Cerebral blood flow in presymptomatic MAPT and GRN mutation carriers: A longitudinal arterial spin labeling study

Abstract

Objective: Frontotemporal dementia (FTD) is characterized by behavioral disturbances and language problems. Familial forms can be caused by genetic defects in microtubule-associated protein tau (MAPT), progranulin (GRN), and C9orf72. In light of upcoming clinical trials with potential disease-modifying agents, the development of sensitive biomarkers to evaluate such agents in the earliest stage of FTD is crucial. In the current longitudinal study we used arterial spin labeling MRI (ASL) in presymptomatic carriers of MAPT and GRN mutations to investigate early changes in cerebral blood flow (CBF).

Methods: Healthy first-degree relatives of patients with a MAPT or GRN mutation underwent ASL at baseline and follow-up after two years. We investigated cross-sectional and longitudinal differences in CBF between mutation carriers (n = 34) and controls without a mutation (n = 31).
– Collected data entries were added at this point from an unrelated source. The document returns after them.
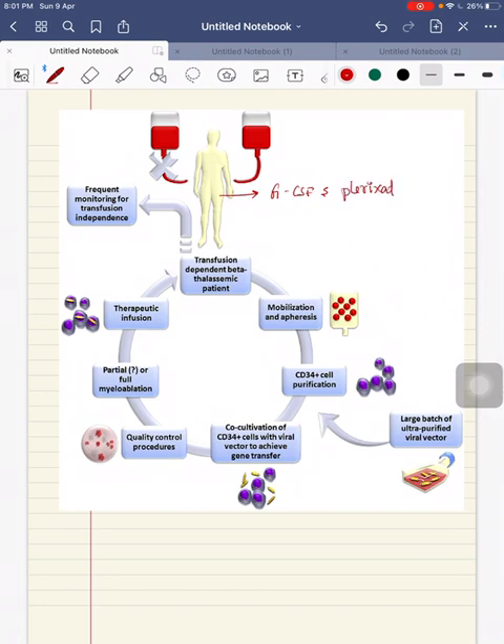In this transfusion-dependent beta-thalassemic patient, you give granulocyte colony-stimulating factor and plerixafor. Plerixafor is an immunostimulant used to mobilize peripheral blood hematopoietic stem cells. Both of these agents are used together to mobilize peripheral blood hematopoietic stem cells.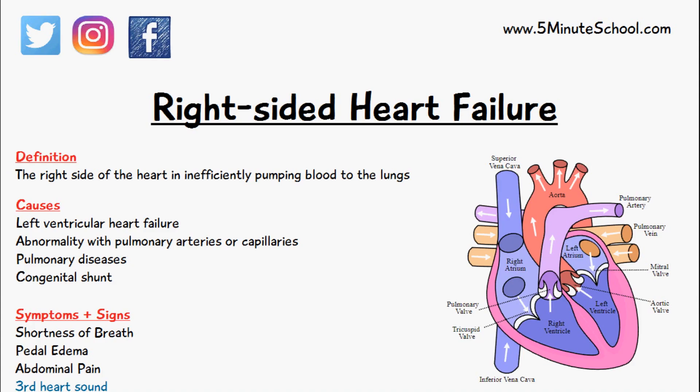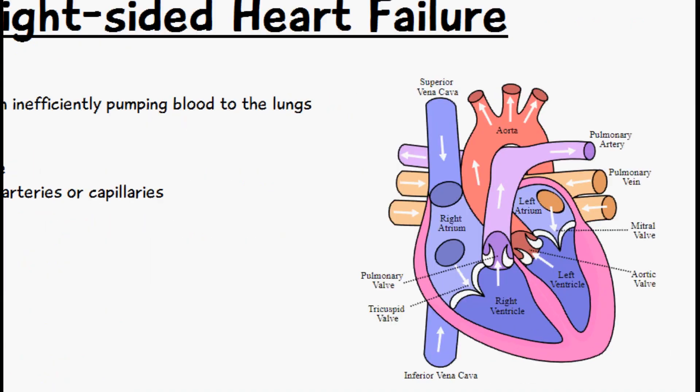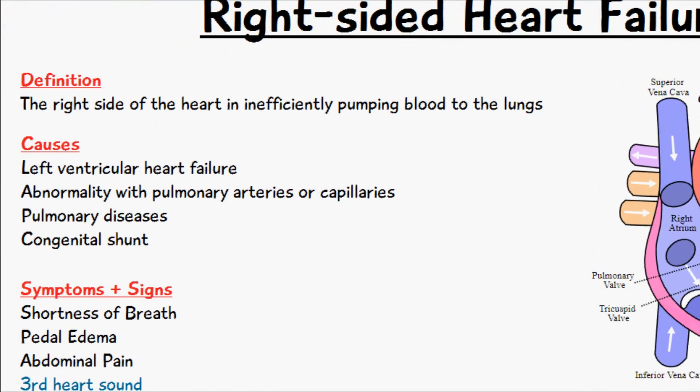With right-sided heart failure, the right side of the heart is inefficiently pumping blood to the lungs. There are several reasons why this can happen, but the overall cause is that there is an inappropriate load or pressure applied onto the right ventricle, or the muscle cells — the myocytes — of the right ventricle lose their contractibility.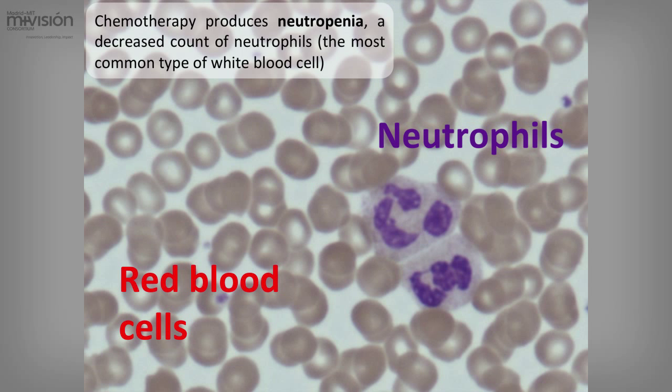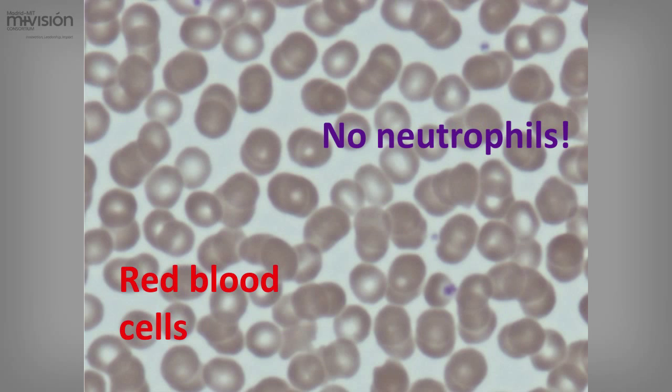However, chemotherapy produces neutropenia, which is a decreased number of neutrophils — the most common type of white blood cell. This is how the bloodstream of a normal person would look like, and this is how the bloodstream of a chemotherapy patient could look like. These patients have no neutrophils, and that puts them at high risk of infections.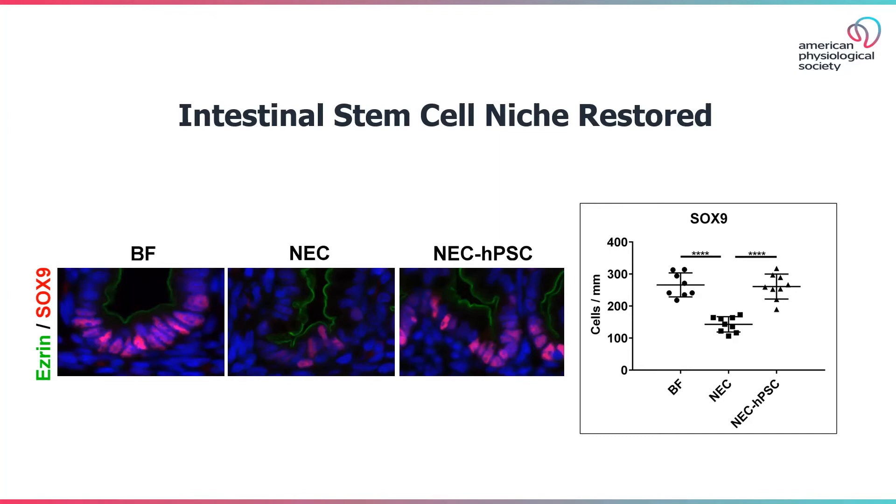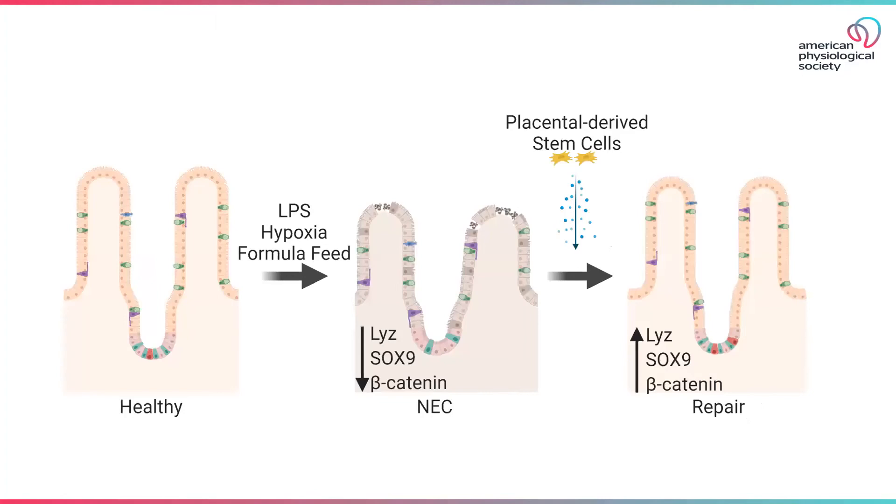Based on our cell tracking studies, this therapeutic effect was induced by paracrine signaling, as the placental stem cells did not fully engraft into the intestinal mucosa. In this animal model of necrotizing enterocolitis, we show placental-derived stem cells can ameliorate established intestinal damage at the tissue and cellular levels by paracrine signaling.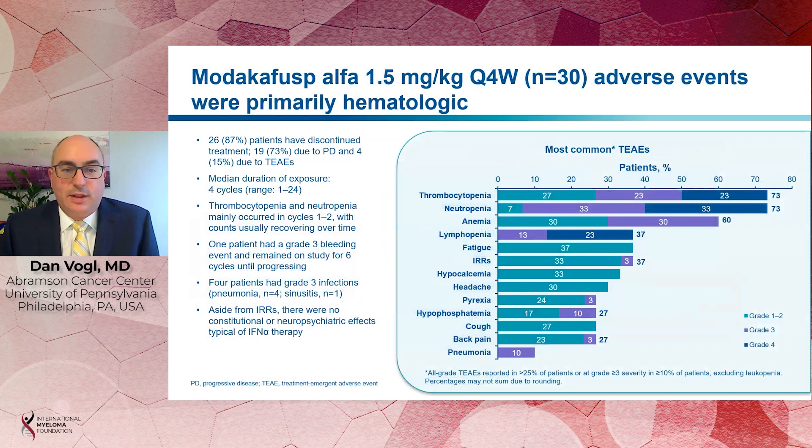At that dose, the main side effects that we see during therapy are thrombocytopenia and neutropenia, which both affected about 73% of patients, and these could be commonly grade 3 and grade 4. The thrombocytopenia and neutropenia mainly occurred in the first two cycles and generally improved over time, especially in responding patients. We had only one patient with a grade 3 bleeding event and four patients with grade 3 infections, although not all of those were associated with neutropenia. We also saw infusion-related reactions in about a third of patients, but these were mostly mild. Aside from the infusion-related reactions, we did not see any of the typical constitutional or neuropsychiatric effects that we're used to seeing with interferon therapy, so overall Modacafusp was generally well tolerated.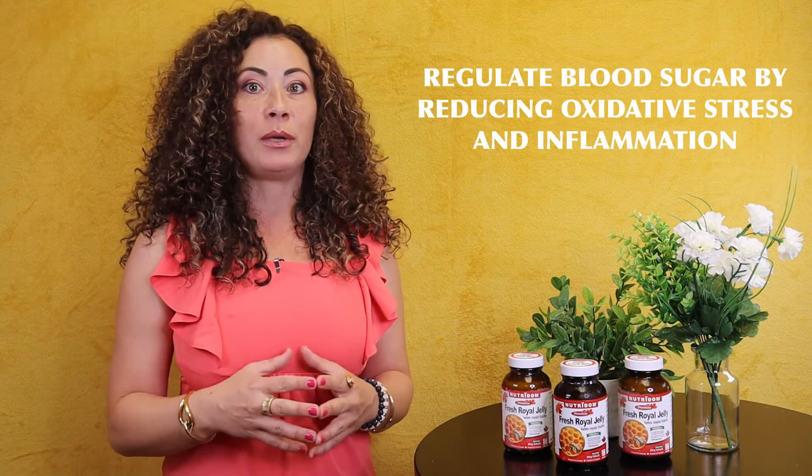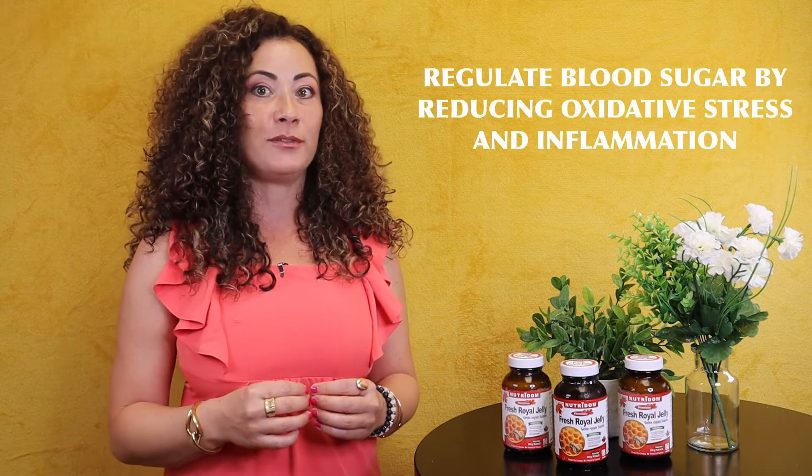The rich variety of nutrients regulate blood sugar by reducing oxidative stress and inflammation, enhances your body's natural immune response to foreign bacteria and viruses, and supports wound healing and other inflammatory skin conditions.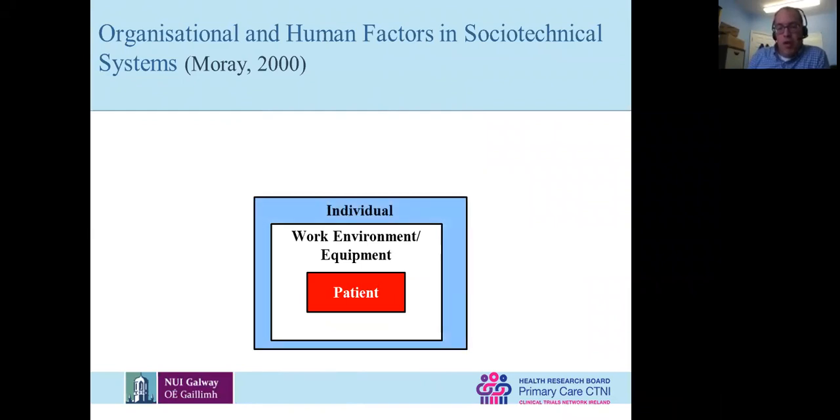Then we go up a step and look at the individual — how you interact with the work environment, how you interact with computer systems, how you get test results — these can also be error-provoking. This also includes what you know, how many hours you work, levels of stress, and all of that impacts the care that you give to your patients.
Results: GRN mutation carriers showed significant frontoparietal hypoperfusion compared with controls at follow-up, whereas we found no cross-sectional group differences in the total study group or the MAPT subgroup. Longitudinal analyses revealed a significantly stronger decrease in CBF in frontal, temporal, parietal, and subcortical areas in the total group of mutation carriers and the GRN subgroup, with the strongest decrease in two mutation carriers who converted to clinical FTD during follow-up.

Interpretation: We demonstrated longitudinal alterations in CBF in presymptomatic FTD independent of grey matter atrophy, with the strongest decrease in individuals that developed symptoms during follow-up. Therefore, ASL could have the potential to serve as a sensitive biomarker of disease progression in the presymptomatic stage of FTD in future clinical trials.

Keywords: AD, Alzheimer's disease; ASL, arterial spin labeling; Arterial spin labeling; BDI-II, Beck Depression inventory II (BDI-II); BNT, Boston Naming Test; CBF, cerebral blood flow; Cerebral blood flow; FDG-PET, positron emission tomography with 18F-fluorodeoxyglucose; FTD, frontotemporal dementia; Frontotemporal dementia; GRN, progranulin; LDST, Letter Digit Substitution Test; MAPT, microtubule-associated protein tau; MMSE, Mini-Mental State Examination; Presymptomatic; RAVLT, Rey Auditory Verbal Learning Test; SAT, Semantic Association Test; TMT, Trailmaking Test; VAT, Visual Association Test; WCST, Wisconsin Card Sorting Test.

Fig. 1

Significant cross-sectional CBF differences between GRN mutation carriers and controls at follow-up. Maps illustrate clusters of significantly lower CBF in mutation carriers compared with controls. Color bar represents p-values corrected for multiple comparisons.

Fig. 2

Significant longitudinal CBF differences between mutation carriers and controls in the total study group (A) and the GRN subgroup (B). Maps illustrate clusters of significantly stronger decline in CBF over time in mutation carriers compared with controls. Color bar represents p-values corrected for multiple comparisons.

Fig. 3

Individual values of decline in CBF over time in cluster 2 (superior frontal gyrus, frontal pole, anterior cingulate cortex, paracingulate gyrus (Supplementary Table 2)). The blue line represents mutation carriers and the yellow line control subjects. For reasons of anonymity individual mutation status is not shown. The orange arrow points to the converted subject with a MAPT mutation and the green arrow to the converter with a GRN mutation. (For interpretation of the references to color in this figure legend, the reader is referred to the web version of this article.)